DSAR validation: Regulators have cautioned against request of extensive personal information to validate a request but have also stressed the need to ensure a request is legitimate to avoid data breaches due to a DSAR response. Validation should be proportional to the sensitive data at stake. It might vary depending on the type of data, the governing regulation, and the industry sector of the organization. The data infrastructure within an organization will also determine the depth of the validation effort. Principles around validation should include
· Obtaining all data needed at the beginning of the validation process — this saves time and effort in validation. The response fulfillment clock starts as soon as the request is submitted. Completing the requests in a timely manner is critical to building trust with current and prospective customers.
· Having a secure and non-manual process to interact with the requestor during validation. Ensure data is returned in formats that aid processing and automation. Avoid open ended user input that can be misinterpreted
· Planning for significant increase in number of daily requests at short notice — ensure validation process can scale quickly
· Early identification of the type of request or the data subject (for example employee vs. customer)
· Having feedback loops to address validation bottlenecks (e.g., requestors may be valid but not present in main customer master databases, etc.)
Automate and reduce manual interventions: Understand the number of steps needed to fulfil a DSAR and evaluate if any of these can be eliminated or automated. Focus on automating the parts that take most time or the type of requests that are more frequent. Define and track metrics around your processes that can help highlight these aspects clearly. Your process should be able to retrieve, update or delete data from different parts of the organization depending on the type of request or type of requestor (employee vs. customer etc). As these steps mature, it should be possible to automate much of the process. An automated implementation reduces the need for analysts to execute tedious and potentially complex steps there by improving quality and consistency.

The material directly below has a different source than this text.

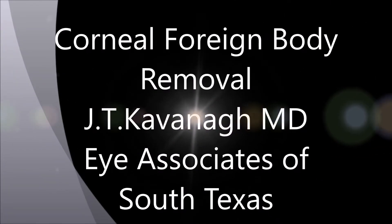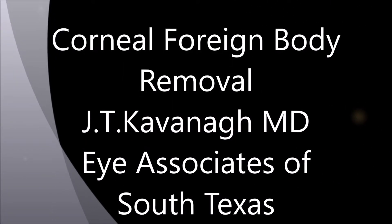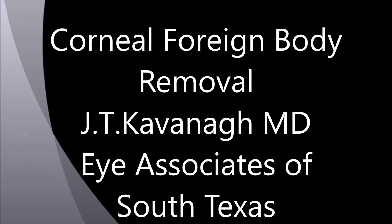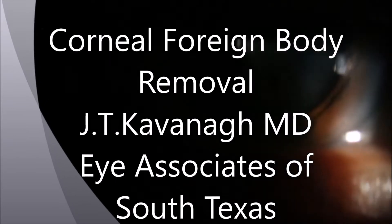This is Dr. Kavan of Eye Associates of South Texas. I'm going to show you a corneal foreign body removal with a 25 gauge needle.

Automated process also ensure security by eliminating insecure forms of communication (like emails etc) with the requestor, internally with vendors or during delivery of the requested data. Automation ensures customer data is always in encrypted data stores and are only transmitted through secure channels as needed.
Track key metrics around efficiency and quality: Each organization is different, with its unique sets of goals, objectives, and challenges. Develop metrics that focus on critical activities in the DSAR response process. Metrics should track quality, consistency, and timeliness of the response. Also include metrics that track the attributes of the program such as training, transparency, and coordination. A good set of metrics can provide a consistent view of any element of the program over a period. By maintaining a balance between the strategic, tactical, and operational metrics, you can identify systemic and operational shortcomings in your program.
Summary
The learnings shared here provide good foundations for defensible and robust processes for responding to DSARs. It is important to regularly review the DSAR response process to identify the weak points. Limiting ad-hoc decision making or reliance on human intervention during the execution will improve consistency. Automating the execution as much as possible will also improve consistency and efficiency. Finally, it is very important to ensure your Data Map is current and dovetails with your processes. Its impossible to have an efficient DSAR workflow without a detailed DataMap.